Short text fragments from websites
..........
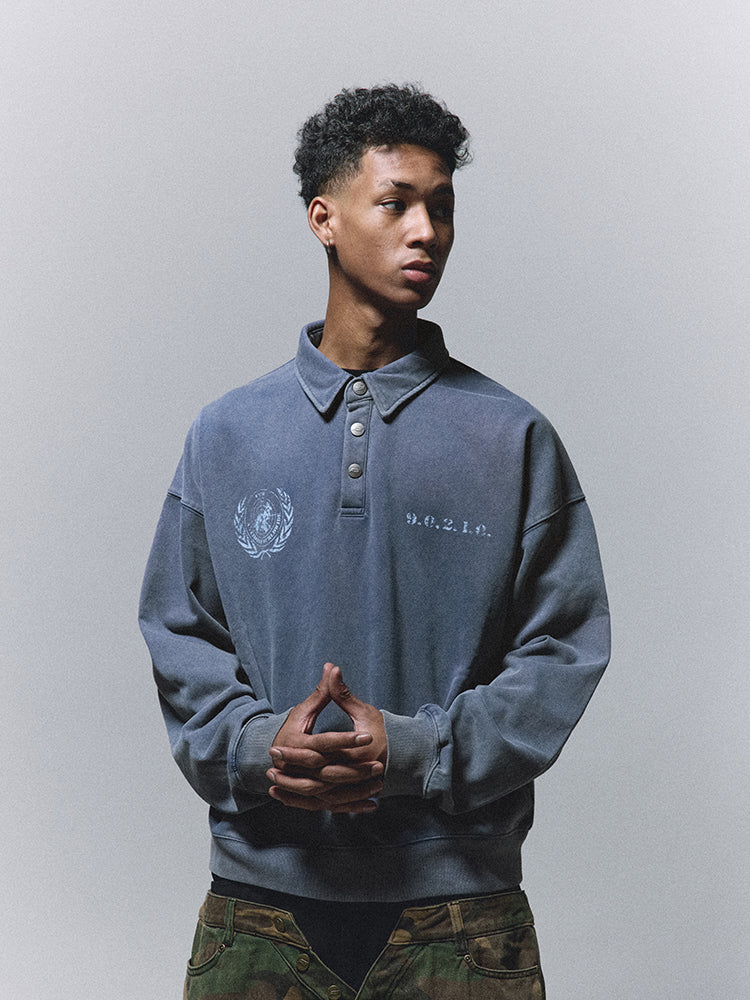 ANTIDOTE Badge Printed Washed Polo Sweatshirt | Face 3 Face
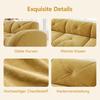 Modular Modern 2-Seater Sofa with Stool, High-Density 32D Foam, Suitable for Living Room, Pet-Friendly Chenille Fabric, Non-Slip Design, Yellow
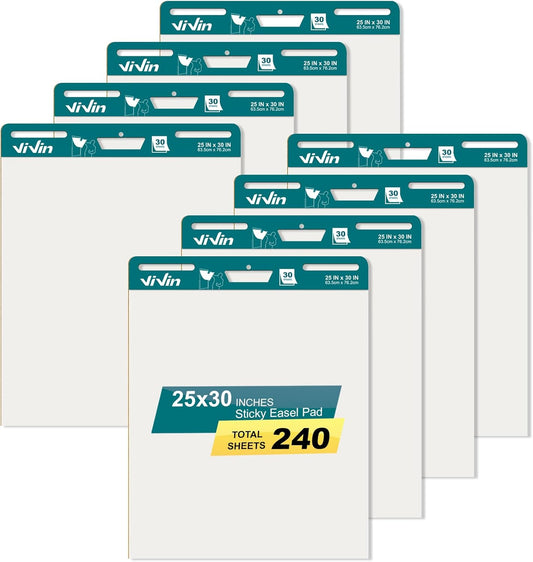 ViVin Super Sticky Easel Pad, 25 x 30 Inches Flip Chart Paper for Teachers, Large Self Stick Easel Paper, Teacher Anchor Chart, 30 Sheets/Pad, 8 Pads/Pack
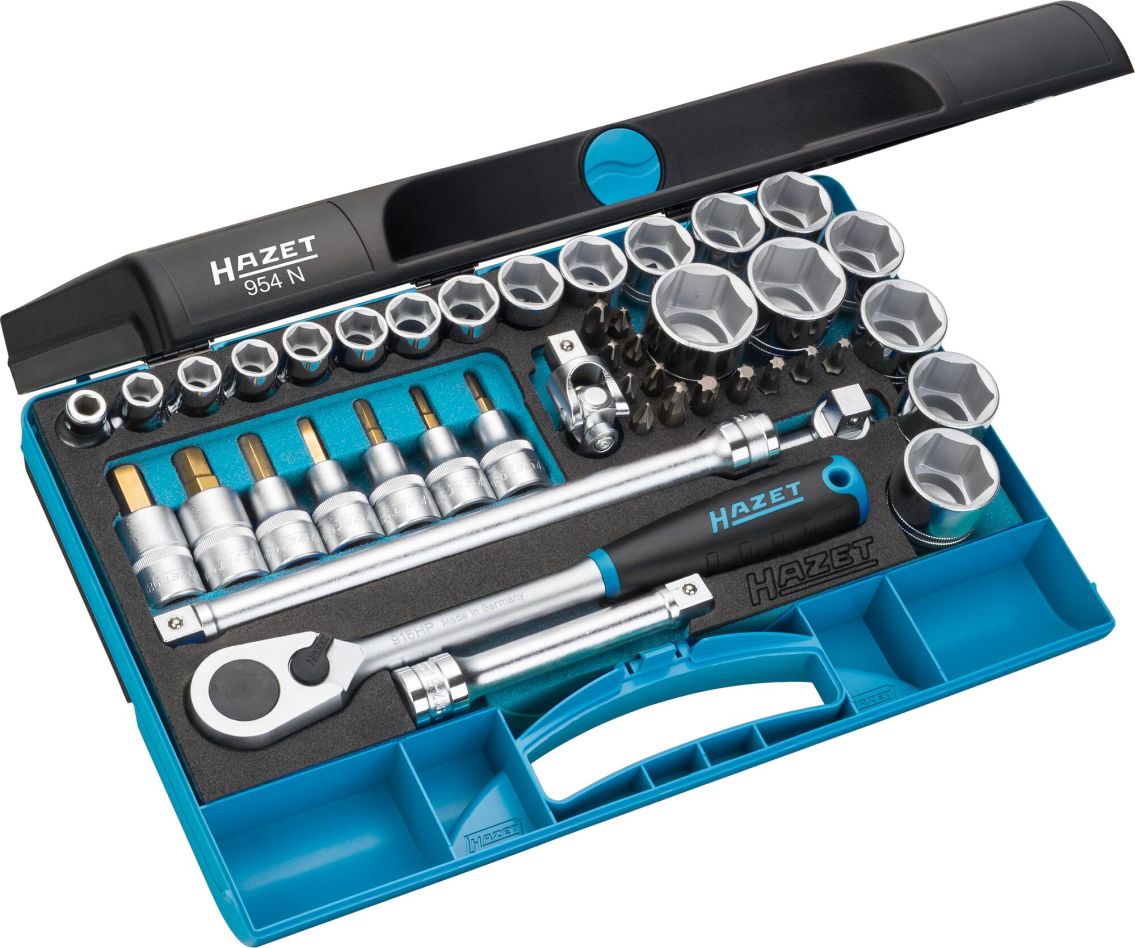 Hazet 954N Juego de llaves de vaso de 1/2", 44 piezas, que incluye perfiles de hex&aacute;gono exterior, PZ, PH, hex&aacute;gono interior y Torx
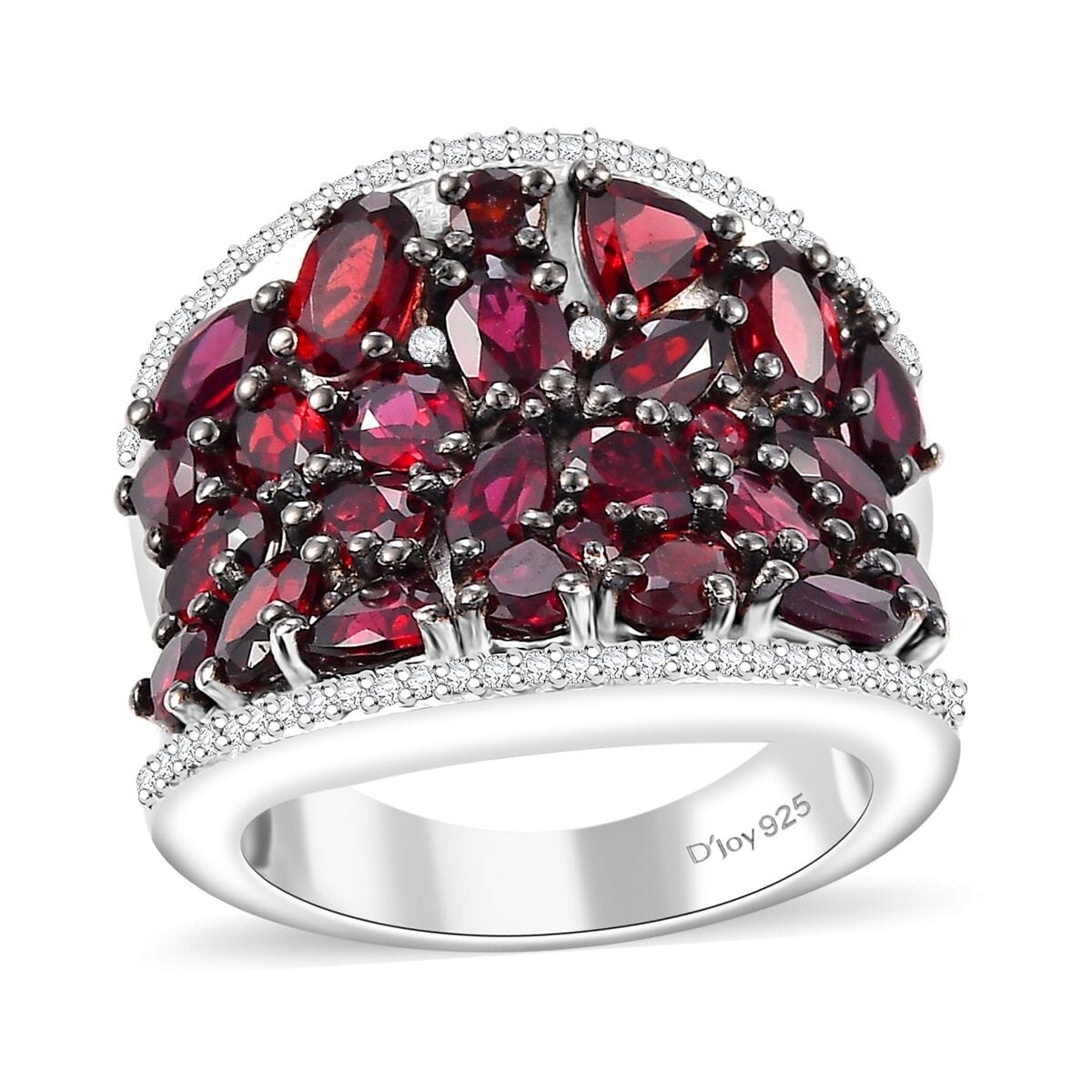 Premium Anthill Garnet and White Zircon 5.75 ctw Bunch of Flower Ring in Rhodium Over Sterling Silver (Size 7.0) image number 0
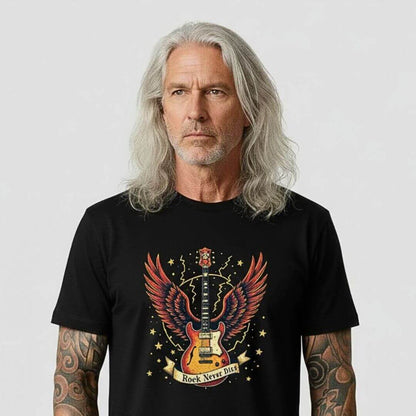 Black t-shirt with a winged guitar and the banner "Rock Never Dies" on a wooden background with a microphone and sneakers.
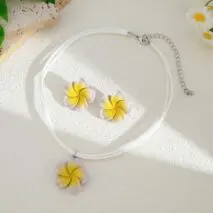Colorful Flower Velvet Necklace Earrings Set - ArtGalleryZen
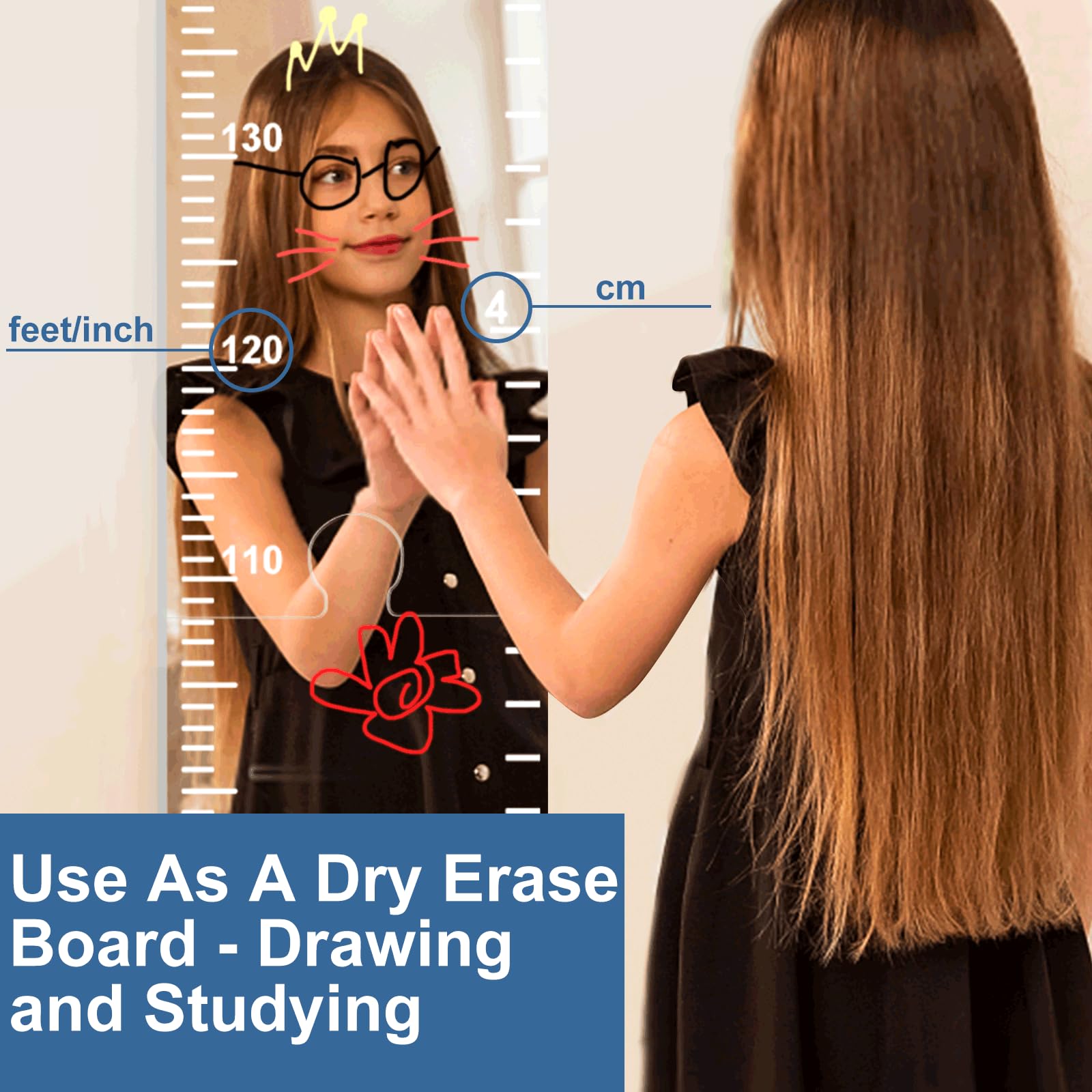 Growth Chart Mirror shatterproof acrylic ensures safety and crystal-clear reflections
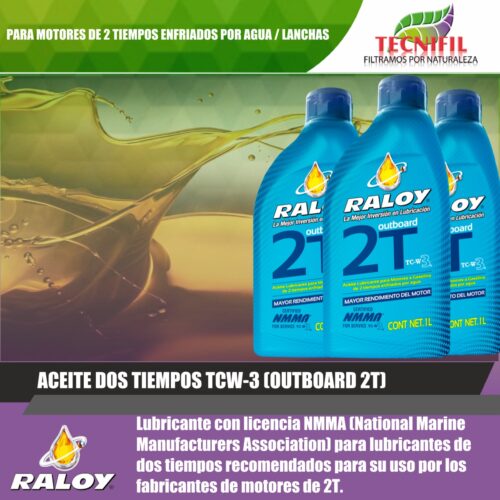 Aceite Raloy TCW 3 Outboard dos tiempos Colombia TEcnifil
..........
- DIRECTIONS FOR THIS TASK
What you produce should repeat the data word for word while omitting all images.

- ANSWER AREA
 ANTIDOTE Badge Printed Washed Polo Sweatshirt | Face 3 Face
 Modular Modern 2-Seater Sofa with Stool, High-Density 32D Foam, Suitable for Living Room, Pet-Friendly Chenille Fabric, Non-Slip Design, Yellow
 ViVin Super Sticky Easel Pad, 25 x 30 Inches Flip Chart Paper for Teachers, Large Self Stick Easel Paper, Teacher Anchor Chart, 30 Sheets/Pad, 8 Pads/Pack
 Hazet 954N Juego de llaves de vaso de 1/2", 44 piezas, que incluye perfiles de hex&aacute;gono exterior, PZ, PH, hex&aacute;gono interior y Torx
 Premium Anthill Garnet and White Zircon 5.75 ctw Bunch of Flower Ring in Rhodium Over Sterling Silver (Size 7.0) image number 0
 Black t-shirt with a winged guitar and the banner "Rock Never Dies" on a wooden background with a microphone and sneakers.
Colorful Flower Velvet Necklace Earrings Set - ArtGalleryZen
 Growth Chart Mirror shatterproof acrylic ensures safety and crystal-clear reflections
 Aceite Raloy TCW 3 Outboard dos tiempos Colombia TEcnifil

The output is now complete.